> [WHAT THE EXERCISE ASKS]
Every line of the data below should be written out word for word.

-*-*-

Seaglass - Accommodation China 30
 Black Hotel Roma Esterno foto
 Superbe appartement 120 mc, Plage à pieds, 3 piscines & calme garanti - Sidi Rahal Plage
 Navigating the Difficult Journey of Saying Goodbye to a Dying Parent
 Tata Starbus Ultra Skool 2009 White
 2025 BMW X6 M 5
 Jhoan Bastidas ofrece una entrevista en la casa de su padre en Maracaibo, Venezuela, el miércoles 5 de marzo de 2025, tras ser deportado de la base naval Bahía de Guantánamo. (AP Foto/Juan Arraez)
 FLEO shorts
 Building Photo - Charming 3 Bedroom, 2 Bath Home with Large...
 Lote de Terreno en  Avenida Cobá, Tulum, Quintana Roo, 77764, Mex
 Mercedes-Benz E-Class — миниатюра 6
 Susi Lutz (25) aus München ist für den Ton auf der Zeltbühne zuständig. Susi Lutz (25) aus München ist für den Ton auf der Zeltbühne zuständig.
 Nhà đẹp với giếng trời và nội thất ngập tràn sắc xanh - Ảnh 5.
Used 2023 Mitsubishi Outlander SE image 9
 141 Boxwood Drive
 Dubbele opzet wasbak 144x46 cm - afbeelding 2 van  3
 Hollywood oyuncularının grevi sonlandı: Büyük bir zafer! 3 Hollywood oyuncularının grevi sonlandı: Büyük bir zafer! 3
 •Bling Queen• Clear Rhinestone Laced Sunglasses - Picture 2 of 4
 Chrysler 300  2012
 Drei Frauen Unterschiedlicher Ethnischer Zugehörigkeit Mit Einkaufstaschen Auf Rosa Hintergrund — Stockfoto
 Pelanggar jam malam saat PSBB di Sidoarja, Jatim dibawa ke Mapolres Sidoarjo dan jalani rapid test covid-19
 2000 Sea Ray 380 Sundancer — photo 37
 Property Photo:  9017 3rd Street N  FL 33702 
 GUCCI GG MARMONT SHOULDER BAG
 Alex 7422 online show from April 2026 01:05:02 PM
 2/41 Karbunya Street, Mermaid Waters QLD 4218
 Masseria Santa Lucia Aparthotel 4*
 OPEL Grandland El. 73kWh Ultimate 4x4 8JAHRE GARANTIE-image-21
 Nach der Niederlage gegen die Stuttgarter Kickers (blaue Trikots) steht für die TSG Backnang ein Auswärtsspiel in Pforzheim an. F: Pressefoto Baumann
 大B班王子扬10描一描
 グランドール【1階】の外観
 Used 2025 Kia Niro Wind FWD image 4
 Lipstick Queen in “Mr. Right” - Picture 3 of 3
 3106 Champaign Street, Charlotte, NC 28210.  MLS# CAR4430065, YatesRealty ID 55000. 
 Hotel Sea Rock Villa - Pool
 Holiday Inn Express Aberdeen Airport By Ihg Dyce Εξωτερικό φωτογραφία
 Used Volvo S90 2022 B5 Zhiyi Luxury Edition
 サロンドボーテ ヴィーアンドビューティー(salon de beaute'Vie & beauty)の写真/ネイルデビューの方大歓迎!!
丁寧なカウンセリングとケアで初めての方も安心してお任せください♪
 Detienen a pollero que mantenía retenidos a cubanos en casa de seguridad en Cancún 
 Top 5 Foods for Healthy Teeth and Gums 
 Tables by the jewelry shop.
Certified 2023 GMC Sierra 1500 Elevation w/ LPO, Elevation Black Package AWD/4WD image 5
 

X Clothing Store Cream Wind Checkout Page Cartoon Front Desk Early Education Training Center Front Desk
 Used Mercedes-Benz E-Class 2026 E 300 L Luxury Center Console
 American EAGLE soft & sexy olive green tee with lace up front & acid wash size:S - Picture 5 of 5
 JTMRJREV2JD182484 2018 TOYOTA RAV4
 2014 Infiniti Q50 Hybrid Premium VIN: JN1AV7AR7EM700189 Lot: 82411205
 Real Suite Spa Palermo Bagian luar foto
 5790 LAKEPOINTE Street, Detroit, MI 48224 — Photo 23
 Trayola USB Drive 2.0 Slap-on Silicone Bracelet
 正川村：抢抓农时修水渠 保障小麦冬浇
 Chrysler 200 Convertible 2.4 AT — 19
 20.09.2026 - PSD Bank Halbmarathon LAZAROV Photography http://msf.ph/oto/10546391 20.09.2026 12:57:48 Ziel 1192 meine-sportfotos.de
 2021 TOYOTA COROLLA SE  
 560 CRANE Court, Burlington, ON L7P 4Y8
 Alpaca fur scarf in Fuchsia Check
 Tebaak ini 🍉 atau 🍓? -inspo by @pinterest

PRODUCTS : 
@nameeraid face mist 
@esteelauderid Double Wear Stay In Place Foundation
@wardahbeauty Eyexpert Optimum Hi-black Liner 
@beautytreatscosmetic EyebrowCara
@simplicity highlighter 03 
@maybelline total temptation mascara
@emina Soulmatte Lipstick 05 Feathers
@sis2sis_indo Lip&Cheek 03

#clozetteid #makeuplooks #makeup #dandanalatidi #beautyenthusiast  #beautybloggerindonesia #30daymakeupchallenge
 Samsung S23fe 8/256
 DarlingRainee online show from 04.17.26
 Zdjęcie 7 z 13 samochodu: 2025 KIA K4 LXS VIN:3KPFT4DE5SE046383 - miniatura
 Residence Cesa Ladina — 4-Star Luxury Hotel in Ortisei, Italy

-*-*-

> [ANSWER TO THIS EXERCISE]
Seaglass - Accommodation China 30
 Black Hotel Roma Esterno foto
 Superbe appartement 120 mc, Plage à pieds, 3 piscines & calme garanti - Sidi Rahal Plage
 Navigating the Difficult Journey of Saying Goodbye to a Dying Parent
 Tata Starbus Ultra Skool 2009 White
 2025 BMW X6 M 5
 Jhoan Bastidas ofrece una entrevista en la casa de su padre en Maracaibo, Venezuela, el miércoles 5 de marzo de 2025, tras ser deportado de la base naval Bahía de Guantánamo. (AP Foto/Juan Arraez)
 FLEO shorts
 Building Photo - Charming 3 Bedroom, 2 Bath Home with Large...
 Lote de Terreno en  Avenida Cobá, Tulum, Quintana Roo, 77764, Mex
 Mercedes-Benz E-Class — миниатюра 6
 Susi Lutz (25) aus München ist für den Ton auf der Zeltbühne zuständig. Susi Lutz (25) aus München ist für den Ton auf der Zeltbühne zuständig.
 Nhà đẹp với giếng trời và nội thất ngập tràn sắc xanh - Ảnh 5.
Used 2023 Mitsubishi Outlander SE image 9
 141 Boxwood Drive
 Dubbele opzet wasbak 144x46 cm - afbeelding 2 van  3
 Hollywood oyuncularının grevi sonlandı: Büyük bir zafer! 3 Hollywood oyuncularının grevi sonlandı: Büyük bir zafer! 3
 •Bling Queen• Clear Rhinestone Laced Sunglasses - Picture 2 of 4
 Chrysler 300  2012
 Drei Frauen Unterschiedlicher Ethnischer Zugehörigkeit Mit Einkaufstaschen Auf Rosa Hintergrund — Stockfoto
 Pelanggar jam malam saat PSBB di Sidoarja, Jatim dibawa ke Mapolres Sidoarjo dan jalani rapid test covid-19
 2000 Sea Ray 380 Sundancer — photo 37
 Property Photo:  9017 3rd Street N  FL 33702 
 GUCCI GG MARMONT SHOULDER BAG
 Alex 7422 online show from April 2026 01:05:02 PM
 2/41 Karbunya Street, Mermaid Waters QLD 4218
 Masseria Santa Lucia Aparthotel 4*
 OPEL Grandland El. 73kWh Ultimate 4x4 8JAHRE GARANTIE-image-21
 Nach der Niederlage gegen die Stuttgarter Kickers (blaue Trikots) steht für die TSG Backnang ein Auswärtsspiel in Pforzheim an. F: Pressefoto Baumann
 大B班王子扬10描一描
 グランドール【1階】の外観
 Used 2025 Kia Niro Wind FWD image 4
 Lipstick Queen in “Mr. Right” - Picture 3 of 3
 3106 Champaign Street, Charlotte, NC 28210.  MLS# CAR4430065, YatesRealty ID 55000. 
 Hotel Sea Rock Villa - Pool
 Holiday Inn Express Aberdeen Airport By Ihg Dyce Εξωτερικό φωτογραφία
 Used Volvo S90 2022 B5 Zhiyi Luxury Edition
 サロンドボーテ ヴィーアンドビューティー(salon de beaute'Vie & beauty)の写真/ネイルデビューの方大歓迎!!
丁寧なカウンセリングとケアで初めての方も安心してお任せください♪
 Detienen a pollero que mantenía retenidos a cubanos en casa de seguridad en Cancún 
 Top 5 Foods for Healthy Teeth and Gums 
 Tables by the jewelry shop.
Certified 2023 GMC Sierra 1500 Elevation w/ LPO, Elevation Black Package AWD/4WD image 5
 

X Clothing Store Cream Wind Checkout Page Cartoon Front Desk Early Education Training Center Front Desk
 Used Mercedes-Benz E-Class 2026 E 300 L Luxury Center Console
 American EAGLE soft & sexy olive green tee with lace up front & acid wash size:S - Picture 5 of 5
 JTMRJREV2JD182484 2018 TOYOTA RAV4
 2014 Infiniti Q50 Hybrid Premium VIN: JN1AV7AR7EM700189 Lot: 82411205
 Real Suite Spa Palermo Bagian luar foto
 5790 LAKEPOINTE Street, Detroit, MI 48224 — Photo 23
 Trayola USB Drive 2.0 Slap-on Silicone Bracelet
 正川村：抢抓农时修水渠 保障小麦冬浇
 Chrysler 200 Convertible 2.4 AT — 19
 20.09.2026 - PSD Bank Halbmarathon LAZAROV Photography http://msf.ph/oto/10546391 20.09.2026 12:57:48 Ziel 1192 meine-sportfotos.de
 2021 TOYOTA COROLLA SE  
 560 CRANE Court, Burlington, ON L7P 4Y8
 Alpaca fur scarf in Fuchsia Check
 Tebaak ini 🍉 atau 🍓? -inspo by @pinterest

PRODUCTS : 
@nameeraid face mist 
@esteelauderid Double Wear Stay In Place Foundation
@wardahbeauty Eyexpert Optimum Hi-black Liner 
@beautytreatscosmetic EyebrowCara
@simplicity highlighter 03 
@maybelline total temptation mascara
@emina Soulmatte Lipstick 05 Feathers
@sis2sis_indo Lip&Cheek 03

#clozetteid #makeuplooks #makeup #dandanalatidi #beautyenthusiast  #beautybloggerindonesia #30daymakeupchallenge
 Samsung S23fe 8/256
 DarlingRainee online show from 04.17.26
 Zdjęcie 7 z 13 samochodu: 2025 KIA K4 LXS VIN:3KPFT4DE5SE046383 - miniatura
 Residence Cesa Ladina — 4-Star Luxury Hotel in Ortisei, Italy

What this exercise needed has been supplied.